Document Requirements and Testing Procedures
Carefully evaluate vendor products in a lab and production environment to ensure they deliver the desired functionality without generating false-positive detects. If a vendor's product requires significant troubleshooting and tweaking to get it working properly, record the time spent on this effort and add it to the TCO calculation for each application you wish to use on hosts protected with the HIPS software.
Develop a Centrally Managed Policy for Controlling Updates
Strong configuration management practice can significantly reduce the risk of problems with the HIPS rollout. The lower the total number of repeatable-build operating systems deployed at your facility, the better suited you are for a HIPS solution. If every single operating system is different, you should be considering a NIPS solution, not a HIPS solution. Identify who should be responsible for managing updates to HIPS software, and how often the software should be updated. Include information about how the organization should react to updates based on new Internet threats, such as a new worm or other exploitative threat. Having this policy in place before a new worm threatens your organization will impact how well the organization will be able to leverage the HIPS technology.
Don't Blindly Install Software Updates
Despite the claims from manufacturers that they extensively test the updates to their products before deployment, they still can make mistakes and ship updates that render workstations and servers useless or severely impaired. Establish a test environment for the supported workstation and server images for your organization and thoroughly test product functionality before approving the distribution of software.
Don't Rely Solely on HIPS to Protect Systems
You should use HIPS software to augment defense-in-depth techniques. Exclusively relying on HIPS software to protect systems is not a wise choice. Instead, use the extra time from the defenses provided by HIPS to carefully test and plan the delivery of patches to ensure workstations are not vulnerable to the common exploits used by attackers.
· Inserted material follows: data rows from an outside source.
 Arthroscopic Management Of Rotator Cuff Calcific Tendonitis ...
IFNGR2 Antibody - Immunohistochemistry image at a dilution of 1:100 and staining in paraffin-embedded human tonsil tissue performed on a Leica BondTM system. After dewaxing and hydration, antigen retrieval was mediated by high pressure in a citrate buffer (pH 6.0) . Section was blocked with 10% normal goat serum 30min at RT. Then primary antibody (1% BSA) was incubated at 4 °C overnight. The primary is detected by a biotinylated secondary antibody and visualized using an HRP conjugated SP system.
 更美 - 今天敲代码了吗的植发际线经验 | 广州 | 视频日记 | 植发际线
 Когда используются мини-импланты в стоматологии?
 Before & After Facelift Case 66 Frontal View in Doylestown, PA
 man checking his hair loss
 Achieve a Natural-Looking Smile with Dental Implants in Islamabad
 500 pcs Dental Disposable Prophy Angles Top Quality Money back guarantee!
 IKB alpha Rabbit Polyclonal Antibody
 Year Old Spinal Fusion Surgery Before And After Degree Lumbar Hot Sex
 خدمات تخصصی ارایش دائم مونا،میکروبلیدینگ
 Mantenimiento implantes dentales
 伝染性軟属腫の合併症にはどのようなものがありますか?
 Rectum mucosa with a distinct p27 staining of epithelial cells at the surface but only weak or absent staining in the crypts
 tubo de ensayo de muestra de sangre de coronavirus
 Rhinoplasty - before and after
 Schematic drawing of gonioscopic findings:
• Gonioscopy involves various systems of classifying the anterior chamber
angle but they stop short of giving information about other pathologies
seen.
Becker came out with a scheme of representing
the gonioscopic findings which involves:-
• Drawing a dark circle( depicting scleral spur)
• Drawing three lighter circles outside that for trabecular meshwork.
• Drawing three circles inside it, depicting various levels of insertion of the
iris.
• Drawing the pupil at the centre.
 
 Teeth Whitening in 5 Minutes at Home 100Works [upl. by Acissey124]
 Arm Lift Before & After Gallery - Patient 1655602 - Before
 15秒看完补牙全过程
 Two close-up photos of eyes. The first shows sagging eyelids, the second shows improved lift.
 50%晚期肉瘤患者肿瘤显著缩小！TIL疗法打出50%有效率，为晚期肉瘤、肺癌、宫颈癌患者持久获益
Expect Your HIPS to Come Under Attack
The popularity of HIPS software has started to get the attention of the attacker community, looking for ways to circumvent this technology. Some groups are focusing their attention on attacking the management station and disabling HIPS software on clients throughout the organization centrally. Other groups are looking at how HIPS software examines system calls, and how the process might be circumvented. Because malware has been released into the wild that disables antivirus software and/or personal firewalls, you should expect attacks against the HIPS itself. To date, there have not been any public exploits or security advisories for HIPS software, but attackers will continue to research, looking for weaknesses in these tools and ways they can be exploited.